Image-caption web data
=== Begin Enclosure ===
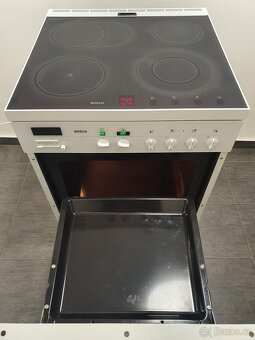 sporák sklokeramický Bosch 60cm, horkovzduch, pyro - 9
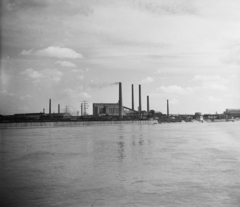 Magyarország, Budapest XXI., Rákosi Mátyás Vas- és Fémművek, az Erőmű a Duna felől nézve., 1955, UVATERV, egy dunai hajóút, Budapest, erőmű, kémény, Fortepan #91112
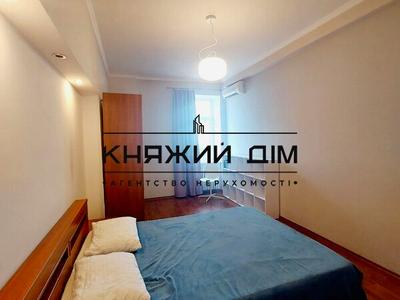 квартира за адресою Івана Мазепи вул. (Січневого Повстання), 14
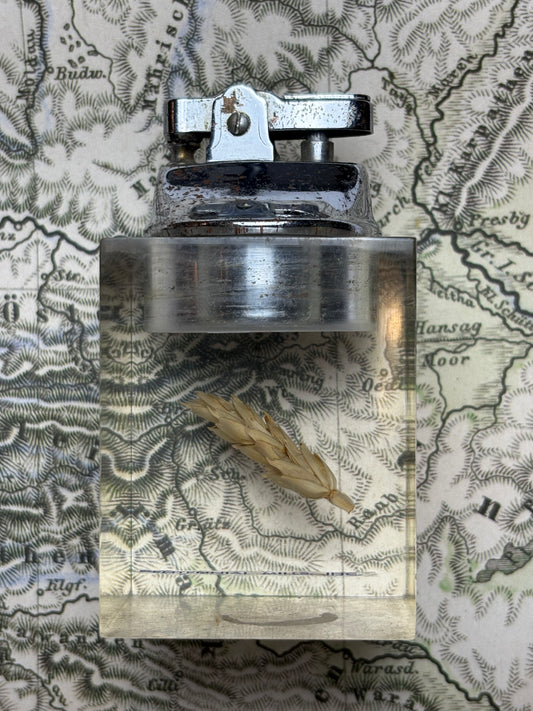 Lucite Wheat Table Lighter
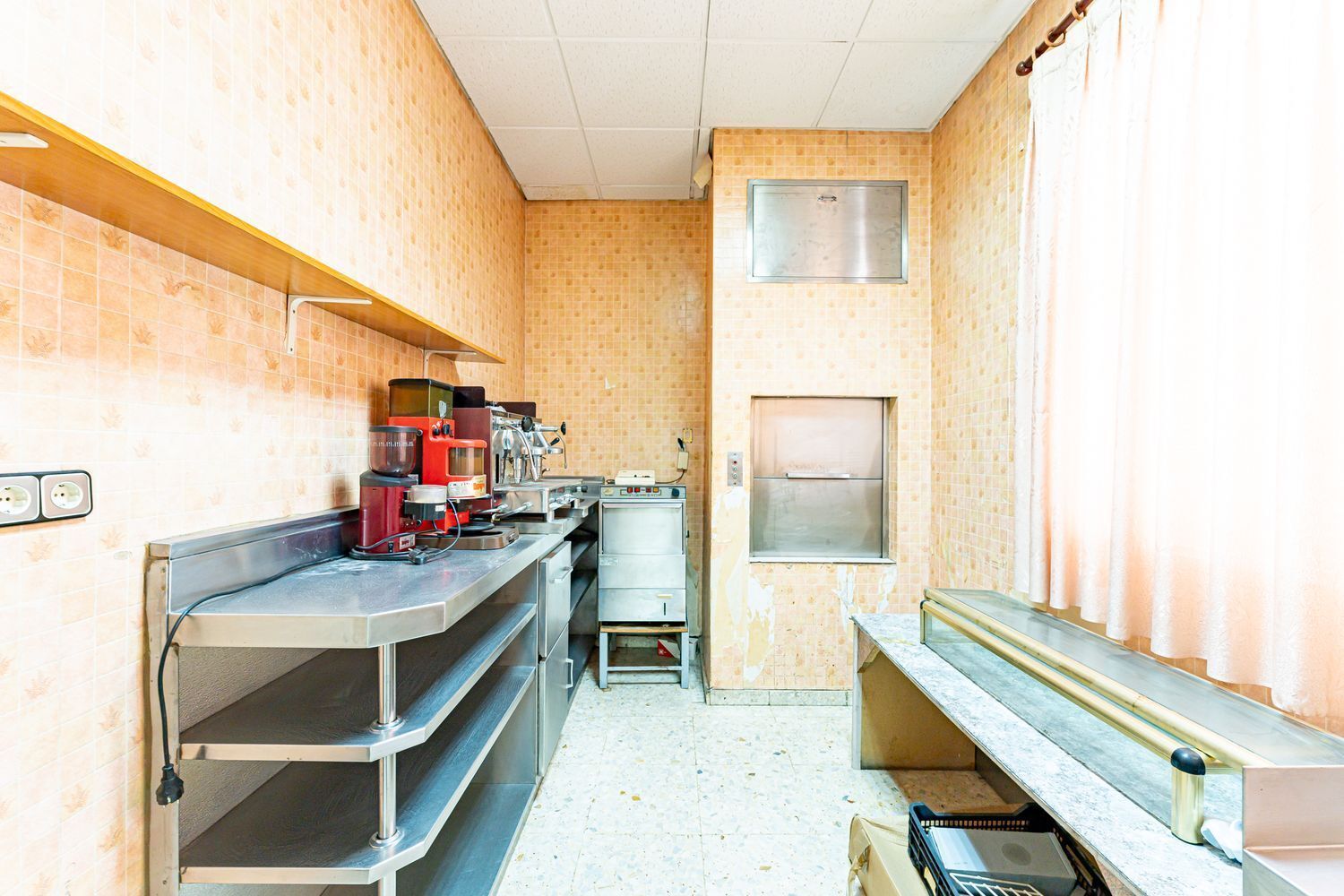 Edificio en venta  calle ABEDUL, Fuenlabrada  13/56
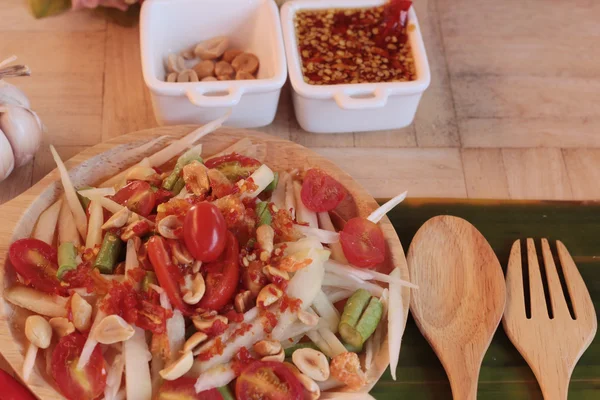 Salade de papaye épicée est délicieux, la nourriture thai — Photo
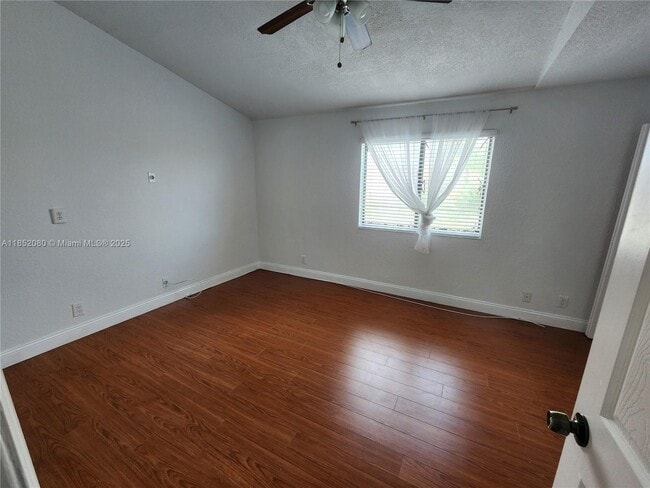 Building Photo - 9158 NW 44th Ct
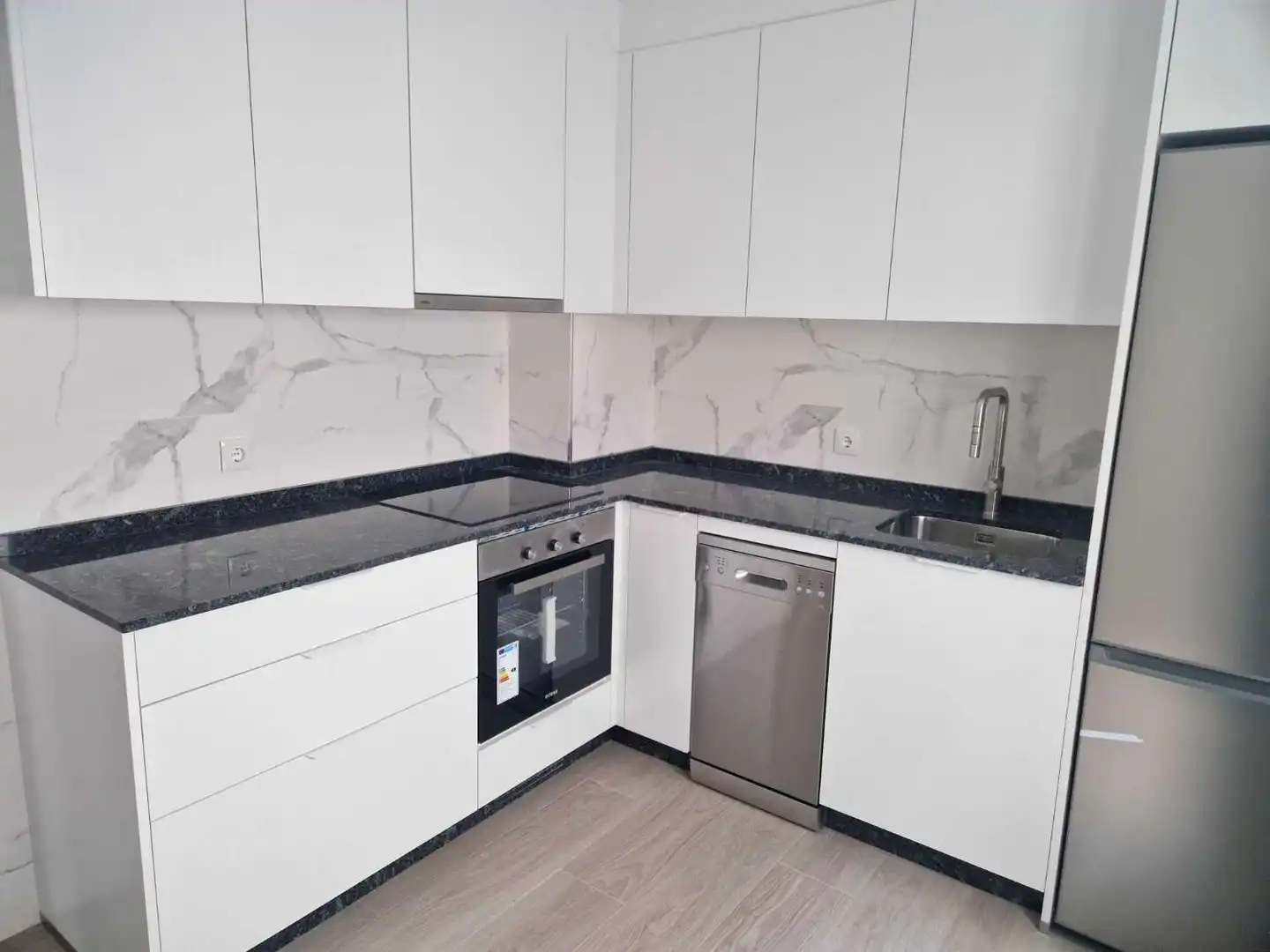 Cocina de Piso en venta en Negreira con Calefacción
=== End Enclosure ===
-- Task statement --
Give back the entries above exactly as they stand. Leave the images out.

-- Solution to this task --
 sporák sklokeramický Bosch 60cm, horkovzduch, pyro - 9
 Magyarország, Budapest XXI., Rákosi Mátyás Vas- és Fémművek, az Erőmű a Duna felől nézve., 1955, UVATERV, egy dunai hajóút, Budapest, erőmű, kémény, Fortepan #91112
 квартира за адресою Івана Мазепи вул. (Січневого Повстання), 14
 Lucite Wheat Table Lighter
 Edificio en venta  calle ABEDUL, Fuenlabrada  13/56
 Salade de papaye épicée est délicieux, la nourriture thai — Photo
 Building Photo - 9158 NW 44th Ct
 Cocina de Piso en venta en Negreira con Calefacción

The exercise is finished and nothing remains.